Exercise goal
The answer is the data repeated in full, with no pictures included.

Supplied data
-- Opening Marker --

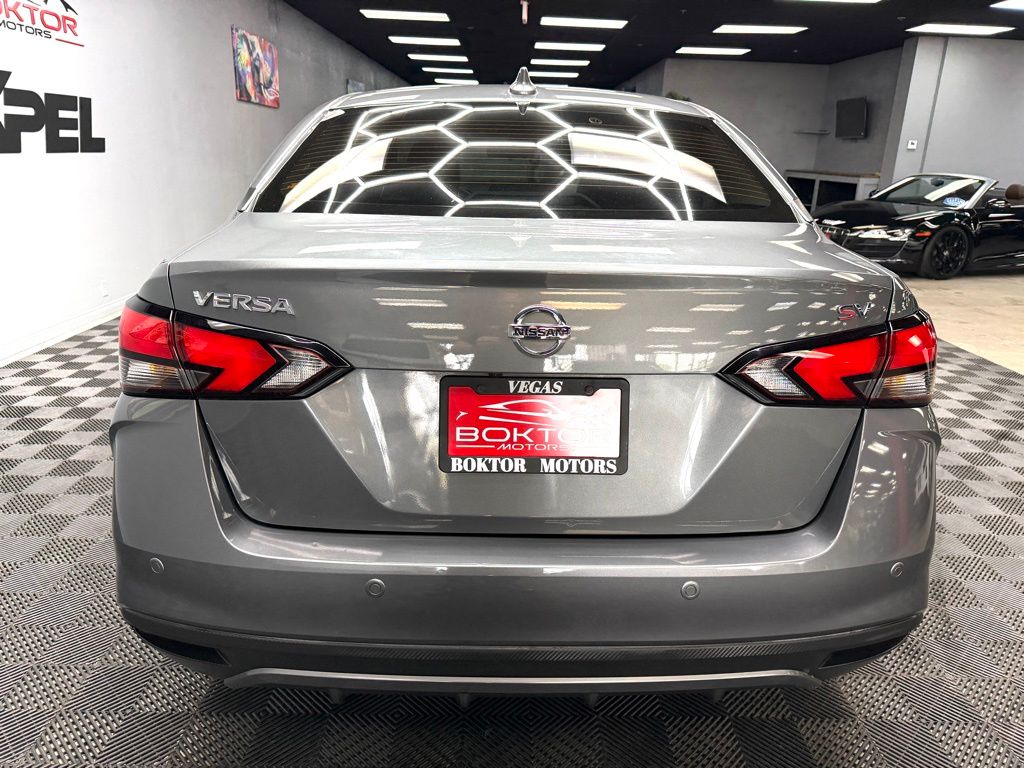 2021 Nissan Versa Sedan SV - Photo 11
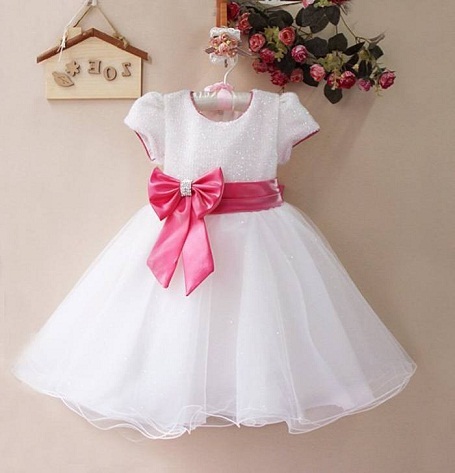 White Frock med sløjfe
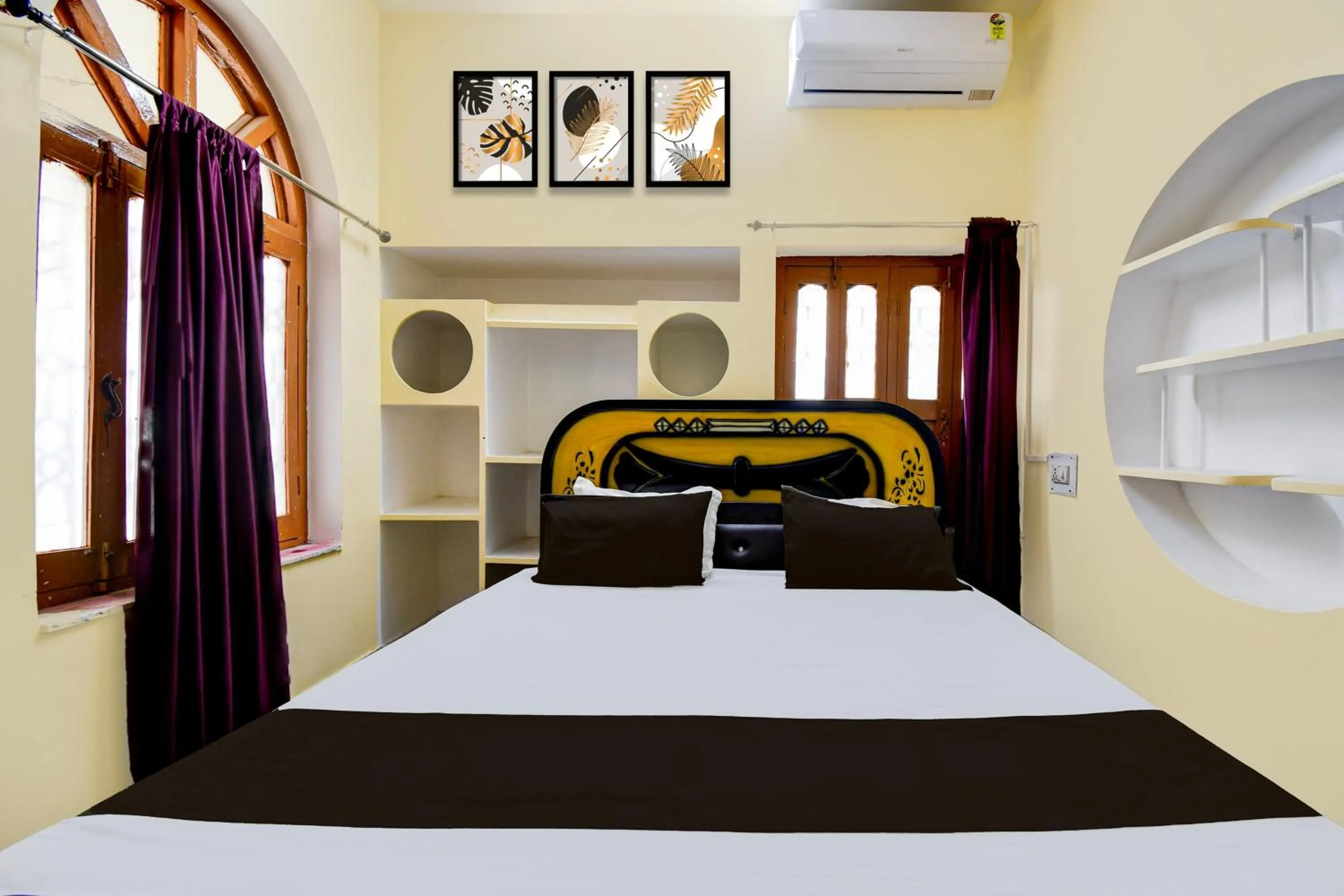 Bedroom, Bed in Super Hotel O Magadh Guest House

-- Closing Marker --

Reply to the task
 2021 Nissan Versa Sedan SV - Photo 11
 White Frock med sløjfe
 Bedroom, Bed in Super Hotel O Magadh Guest House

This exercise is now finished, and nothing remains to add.